Our Guild leader preparing to teach soapmaking.

A couple of our friends ready to teach history lessons to public school children.
Our daughter learned to sew (home economics) by making her own 18th century era clothing.  Here she is wearing a shortgown, chemise and two petticoats (that's 18th century lingo for jacket, blouse/slip and skirts.)
Our youngest with a musket - yes, she learned to shoot a musket, too.
 After she had learned "the ropes" our daughter was asked to string up a literal rope and demonstrate how women and girls did their laundry during this time period. Here she is talking to a group of public school children who had no idea clothes could be washed without a washing machine.
Demonstrating how laundry was washed in the 18th century.  

Here's a picture of  my "frontier family" and myself.   We were in Oliver Springs for their Memorial Day festivities in the picture below. The photo was taken while we visited with friends in their Cherokee lean-to. That day my husband fired his musket, I cooked beans and rice, hoe cakes and mint tea for lunch over an open fire.  Our daughter paraded around in her 18th century finery fanning herself with the turkey feather fan you can see in her hand.  Some folks get the easy jobs....I just wasn't one of them that day.

All the clothing in the photos, including my husband's were made by our daughter or myself.  So, that's how we combined early American History and the sewing lessons for her Home Economics class.  If you're interested in history and would like to be part of it's retelling at a local historic site just call them up and find out how you and your children can become involved.  It's great fun, and you might even get paid for doing demonstrations during school tours, as we did. ;)
Edited to add:  This was not all of the history learned that year or all of the sewing, cooking, etc. learned by our daughter, but it sure was a lot of fun for her, and fun in learning goes miles and miles toward attitude and retention of details such as dates, who did what, etc.

Monday, April 16, 2007

The Great Smoky Mountains

I hope you will be able to see these photos well.
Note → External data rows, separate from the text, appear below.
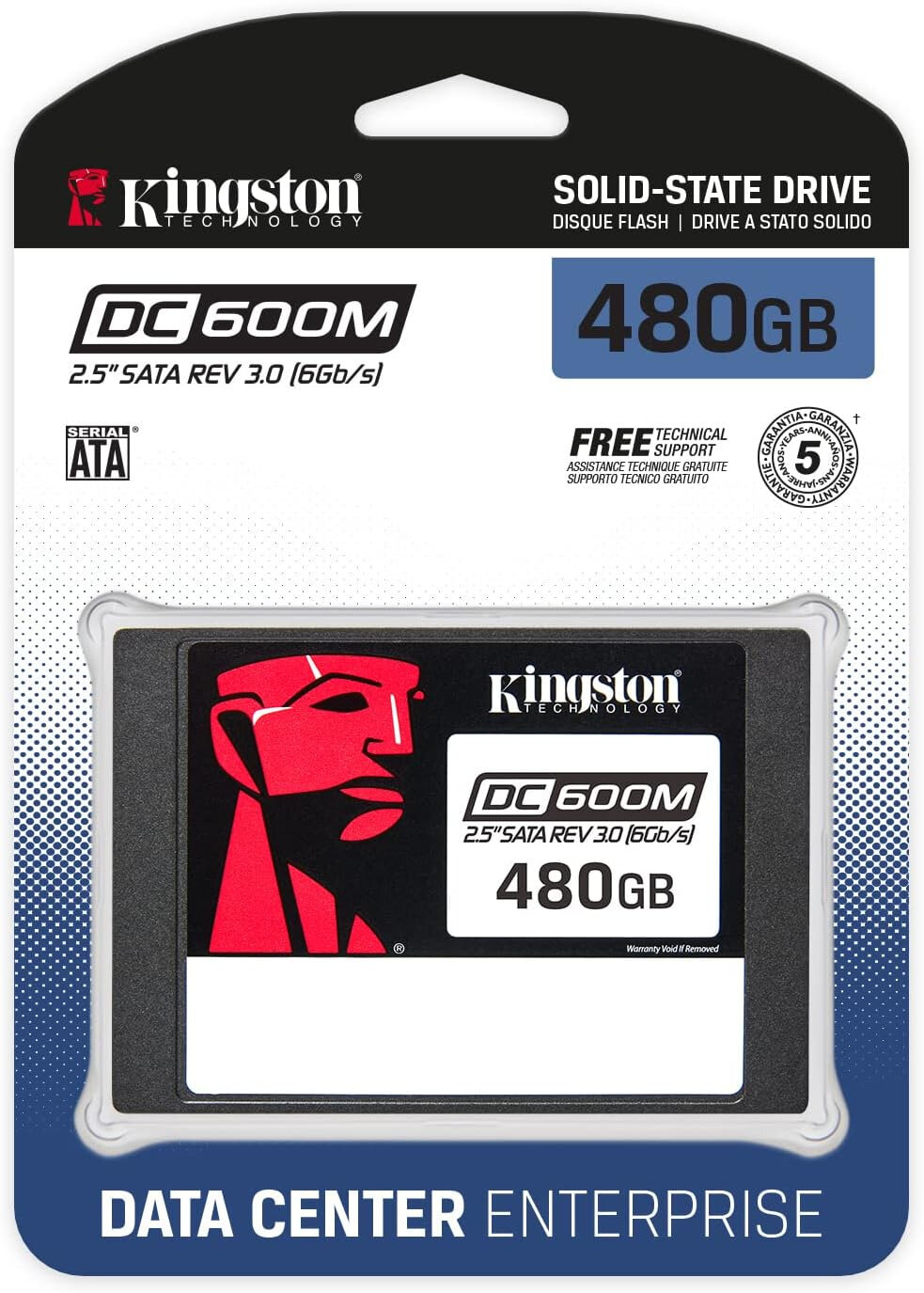 Твердотельный накопитель Kingston Enterprise SSD 480GB DC600M 2.5" SATA 3 R560/W470MB/s 3D TLC MTBF 2M 94 000/41 000 IOPS 876TBW (Mixed-Use) 3 years (SEDC600M/480G) - фото №4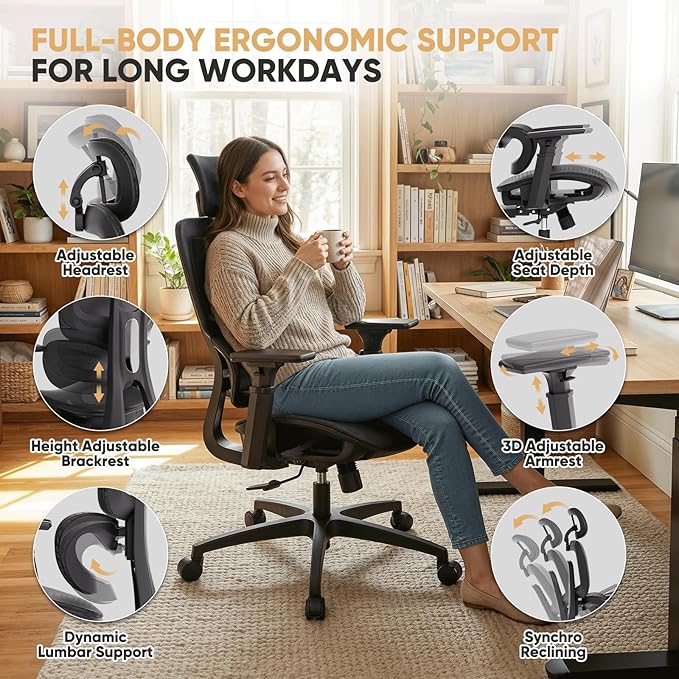 Magshion Ergonomic Mesh Office Chair, Swivel Executive Chair with Adjustable Headrest, 3D Armrests, Tilt Lock and Lumbar Support, Desk Chair for Home Office, 350 LBS Capacity, Black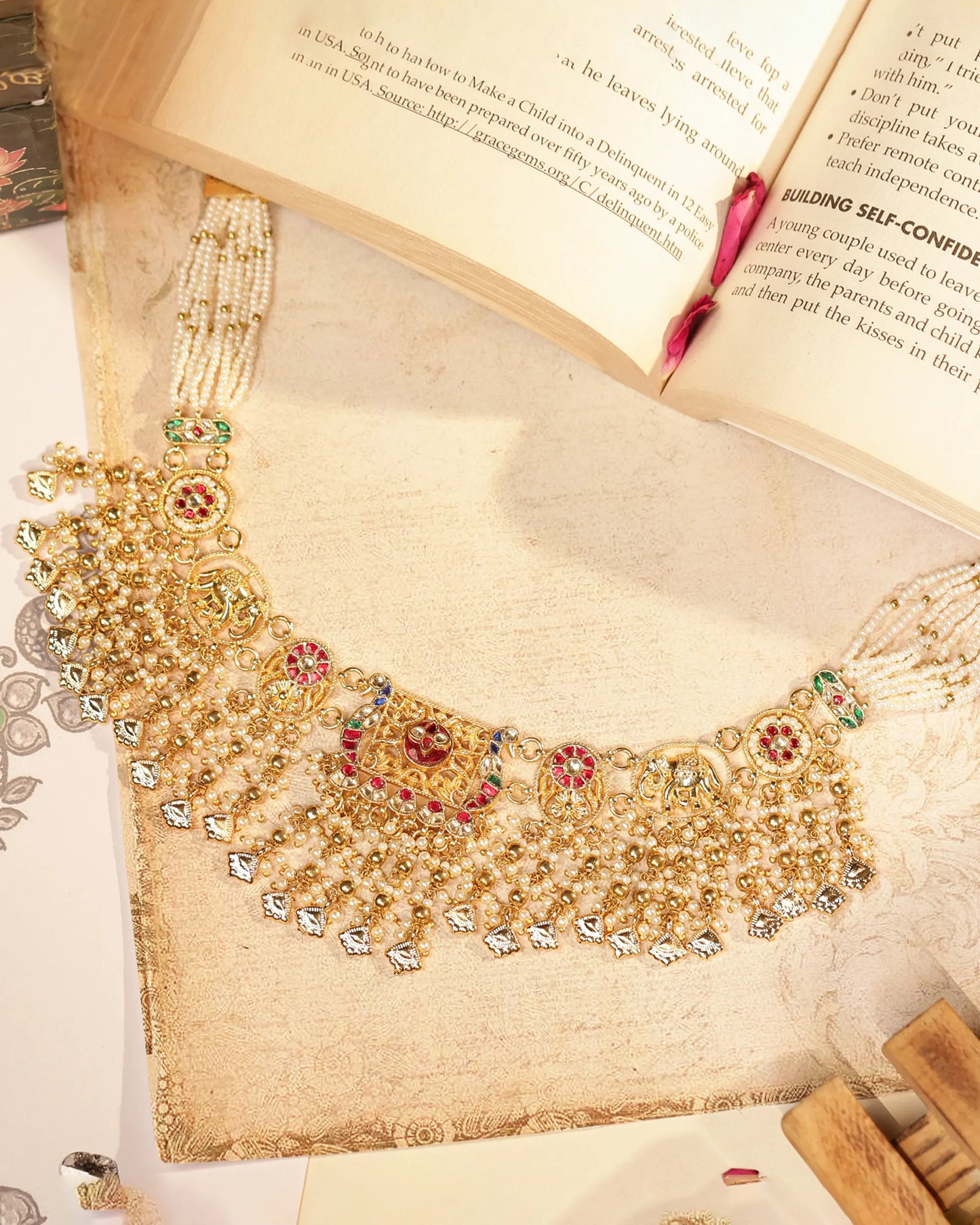 Gold Plated Kundan Choker Set Jewelry, Indian Pearl Necklace & Earrings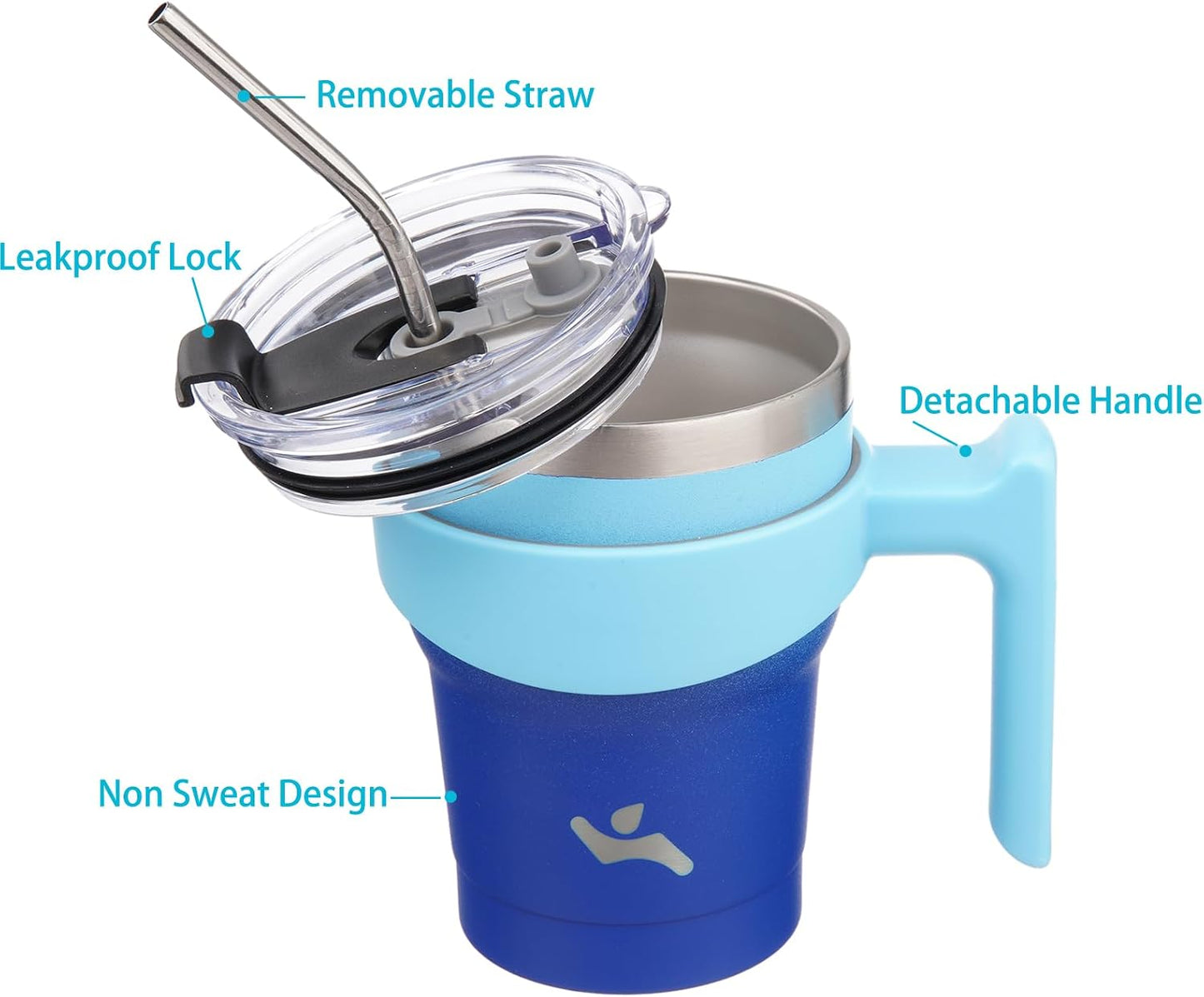 20 oz Tumbler with Handle and Straw, Insulated Travel Mug | Gum; BPA-free, leak-proof tumbler with 2 lids, 2 straws, cup holder fit for coffee, office, travel & daily use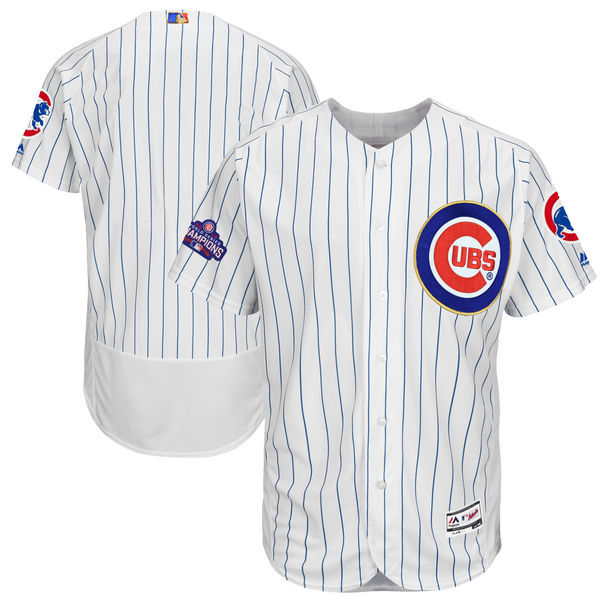 Cubs Blank White World Series Champions Gold Program Flexbase Jersey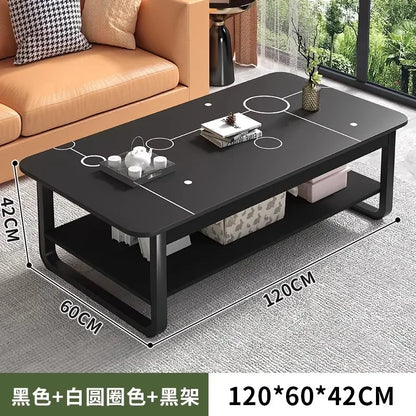 Table basse bois blanc en forme de rectangle - 120cm 3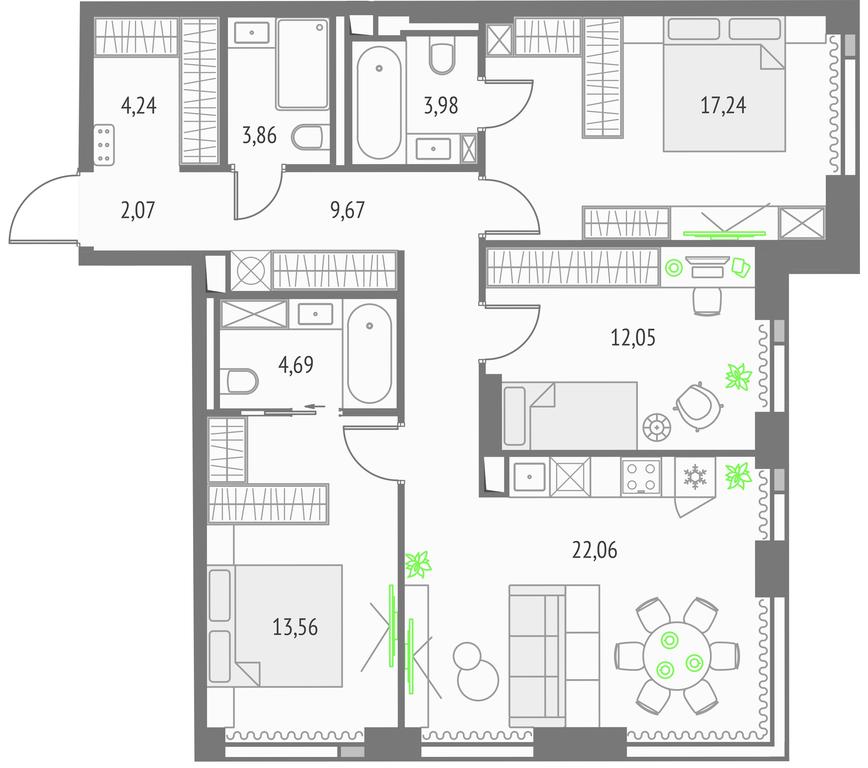 3-BD Apartment Sale, 93.47 sq. m. at Upside Towers, Ogorodny Drive, 4с1, Moscow, Russia #1 3-BD Apartment Sale, 93.47 sq. m. at Upside Towers, Ogorodny Drive, 4с1, Moscow, Russia #1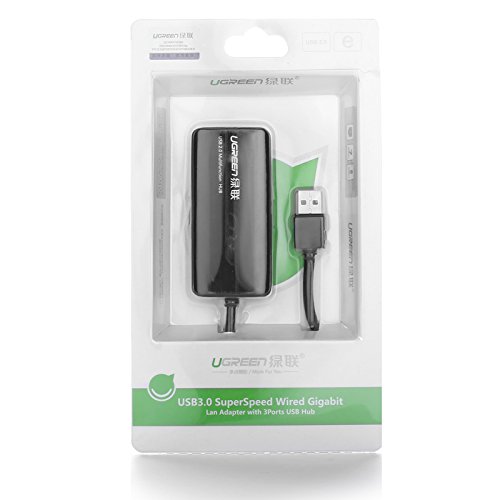 Ugreen 3 Ports USB 2.0 Hub mit rj45 Lan Fast Ethernet Netzwerkadapter Konverter 100 Mbps für Windows 10/8.1/8/7/ Vista/XP,Mac OS 10,6 bis 10.11 El Capitan,Linux und Chrome OS Schwarz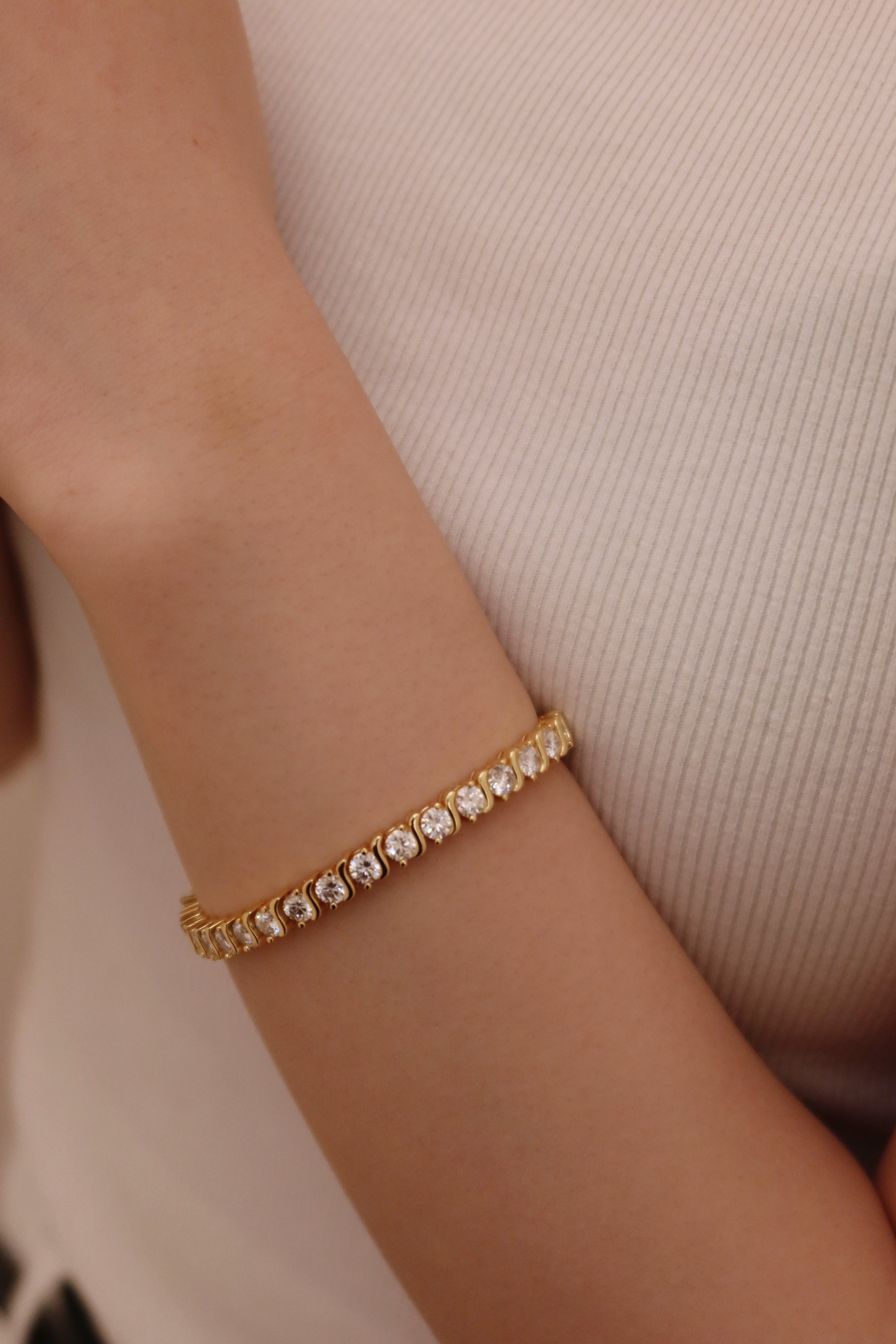 24 Hours S Links Moissanite Bracelet 3ct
They were taken on a drive through the park. We were on our way to a campmeeting in North Carolina... Riding with the clouds....
A view from high atop Clingman's Dome. Oh boy, that's a walk! Prepare to take a few rests along the way. Sadly, some of the trees are showing damage from smog...

Monday, April 9, 2007

April KAL

Amid promises from the local weather station of seasonal weather for the rest of the week, it's 32 degrees F here in the foothills of the Great Smoky Mountains.
My April KAL is finally blocked and photograped. Nice pattern and very appropriate for this month. The pattern is three crosses.
Thanks to the folks at Monthly Dishcloths KAL for another fun project.

Tasty Fajitas

This fajita dish will be a hit at the dinner table, I promise. Here's your ticket to an authentic Mexican dish that is fast and easy and loaded with flavor:

Partially thaw 1 pound boneless, skinless chicken breast meat. Cut into 3 inch X 1/4 inch strips, and set aside to thaw completely. Rinse well and pat dry with paper towels. Sprinkle with 1/2 teaspoon each: seasoned salt, garlic powder, chili powder, and ground cumin; set aside.

On freshly de-germed cutting board slice a red and a green bell pepper and 1 medium onion into strips. Set aside.

Stir fry chicken strips in med-hot oil till nearly done; add peppers and continue cooking until the peppers just begin to wilt, not mushy, please.

Serve with fried rice and/or beans. Olay, as we say in the South...snicker.